Borough & Bankside Community Council this week voted unanimously to refuse permission for the partial demolition of early 20th century workshop buildings between Glasshill Street and King's Bench Street.
Some of the buildings are currently occupied by the Alma Enterprises art gallery whilst the complex also includes artists' studios managed by ASC. Artists working in the buildings have created pieces shown at the Highline in New York, the Hermitage Museum in St Petersburg, the London Design Festival and the biennial Drift festival on the River Thames.
Permission to redevelop the site with eight homes – whilst retaining the facades of the current buildings – was granted in 2008 but since this time the King's Bench conservation area has been created which means that express consent is required for the demolition of the existing structures.

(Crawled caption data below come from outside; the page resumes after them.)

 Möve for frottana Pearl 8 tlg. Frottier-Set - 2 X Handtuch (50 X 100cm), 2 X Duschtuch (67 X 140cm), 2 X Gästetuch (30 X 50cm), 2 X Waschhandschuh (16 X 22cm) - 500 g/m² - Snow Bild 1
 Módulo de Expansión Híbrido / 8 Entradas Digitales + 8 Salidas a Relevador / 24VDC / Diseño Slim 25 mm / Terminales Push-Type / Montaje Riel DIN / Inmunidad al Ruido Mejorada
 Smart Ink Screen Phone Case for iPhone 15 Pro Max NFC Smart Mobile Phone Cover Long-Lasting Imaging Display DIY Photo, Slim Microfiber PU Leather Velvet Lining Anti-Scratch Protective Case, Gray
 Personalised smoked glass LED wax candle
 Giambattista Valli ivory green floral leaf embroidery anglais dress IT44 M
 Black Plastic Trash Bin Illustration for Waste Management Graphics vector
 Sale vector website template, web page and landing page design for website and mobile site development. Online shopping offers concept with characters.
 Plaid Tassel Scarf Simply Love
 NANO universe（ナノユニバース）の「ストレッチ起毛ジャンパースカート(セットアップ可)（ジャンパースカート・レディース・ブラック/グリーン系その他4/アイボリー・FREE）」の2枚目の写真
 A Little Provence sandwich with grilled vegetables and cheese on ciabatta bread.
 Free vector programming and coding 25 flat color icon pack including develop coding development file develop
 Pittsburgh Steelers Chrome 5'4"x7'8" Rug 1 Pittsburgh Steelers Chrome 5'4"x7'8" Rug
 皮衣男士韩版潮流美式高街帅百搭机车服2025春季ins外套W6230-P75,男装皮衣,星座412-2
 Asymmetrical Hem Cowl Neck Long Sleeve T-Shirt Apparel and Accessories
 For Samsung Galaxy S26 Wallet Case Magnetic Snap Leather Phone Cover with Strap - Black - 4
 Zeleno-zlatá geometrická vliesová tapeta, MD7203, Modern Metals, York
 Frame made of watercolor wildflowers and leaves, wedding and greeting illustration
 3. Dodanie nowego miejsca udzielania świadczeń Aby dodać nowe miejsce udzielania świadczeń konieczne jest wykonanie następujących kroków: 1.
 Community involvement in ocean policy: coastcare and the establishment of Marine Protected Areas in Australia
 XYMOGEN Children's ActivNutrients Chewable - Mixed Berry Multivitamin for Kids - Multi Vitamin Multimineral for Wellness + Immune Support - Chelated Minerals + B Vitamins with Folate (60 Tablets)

Councillors were not convinced that the developer had provided sufficient justification for the demolition of the buildings and by the financial appraisal that claimed it was not viable to restore and upgrade the existing buidlings.
Members were also concerned about the impact of demolition on the wider conservation area with the light industrial buildings that were once typical of this neighbourhood rapidly disappearing. Nearby Newspaper House is already scheduled for demolition which, together with the loss of this block, would leave just one building of this type remaining in the conservation area.
Objectors to the demolition included local gallery owner Poppy Sebire who said: "From what I know of the site, I am quite sure that a development could be achieved which keeps more than the facades of the building, plays to their industrial heritage and contributes to the resurgence of the creative economy in Southwark.
"You could presumably even do a mixed-use development with some housing. But demolishing the buildings is simply the wrong answer."